_THE RECORDS:_
* * *
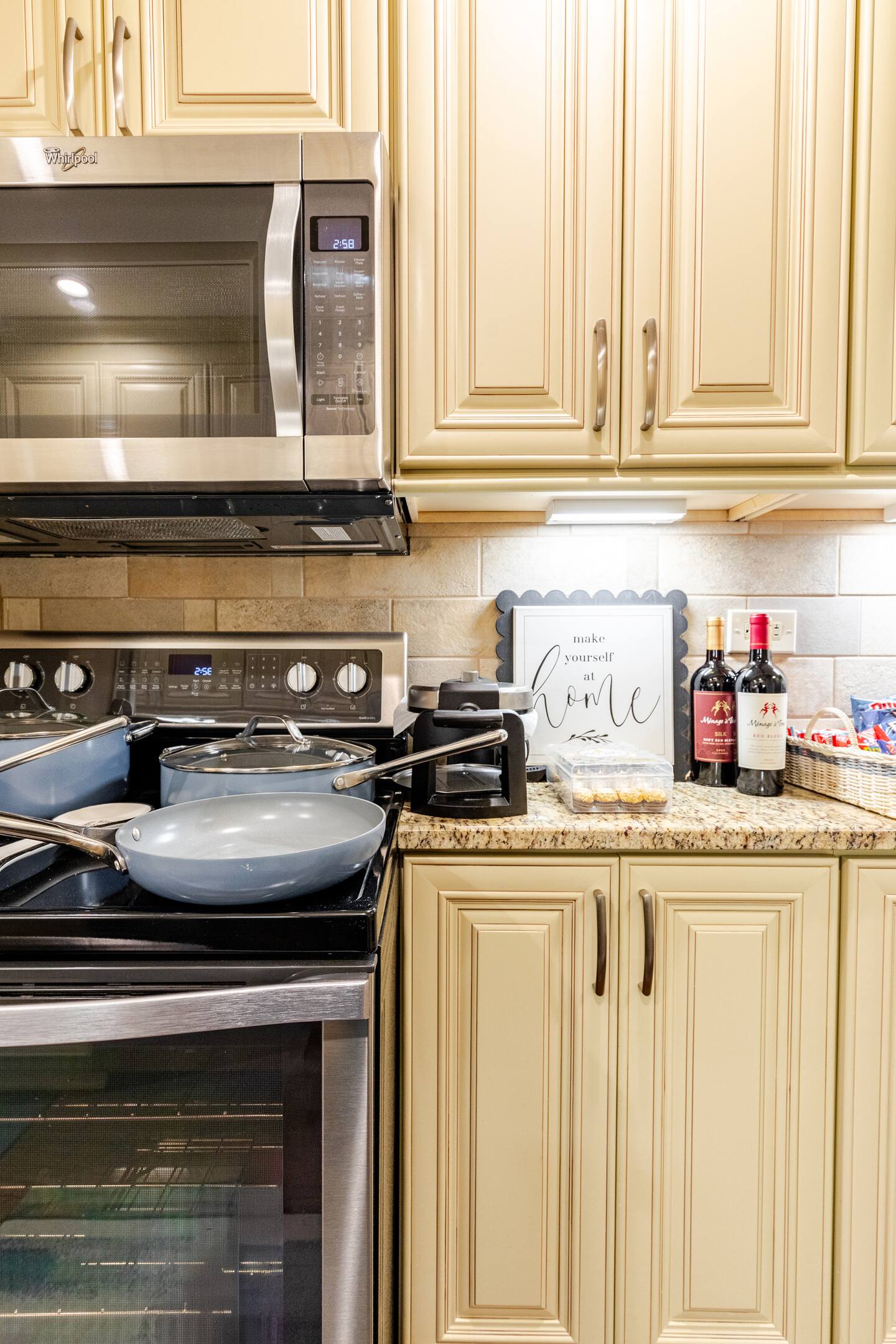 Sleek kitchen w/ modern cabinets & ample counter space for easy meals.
* * *
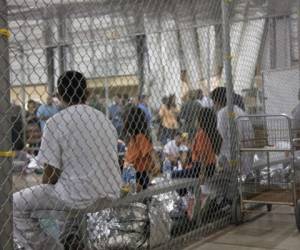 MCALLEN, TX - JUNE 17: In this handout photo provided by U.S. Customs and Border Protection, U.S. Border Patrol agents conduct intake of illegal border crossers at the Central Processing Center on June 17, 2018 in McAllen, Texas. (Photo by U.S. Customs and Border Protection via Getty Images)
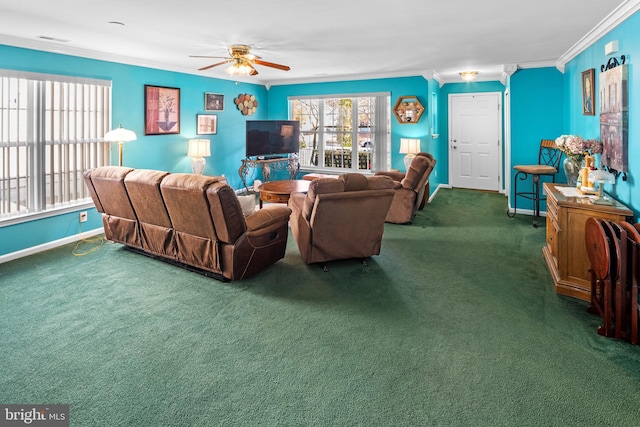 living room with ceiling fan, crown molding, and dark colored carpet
* * *
From the material above, output only the span of lines that starts at the one containing "MCALLEN, TX - JUNE" and finishes at the one containing "living room with", word for word and free of pictures.

_YOUR SOLUTION:_
 MCALLEN, TX - JUNE 17: In this handout photo provided by U.S. Customs and Border Protection, U.S. Border Patrol agents conduct intake of illegal border crossers at the Central Processing Center on June 17, 2018 in McAllen, Texas. (Photo by U.S. Customs and Border Protection via Getty Images)
 living room with ceiling fan, crown molding, and dark colored carpet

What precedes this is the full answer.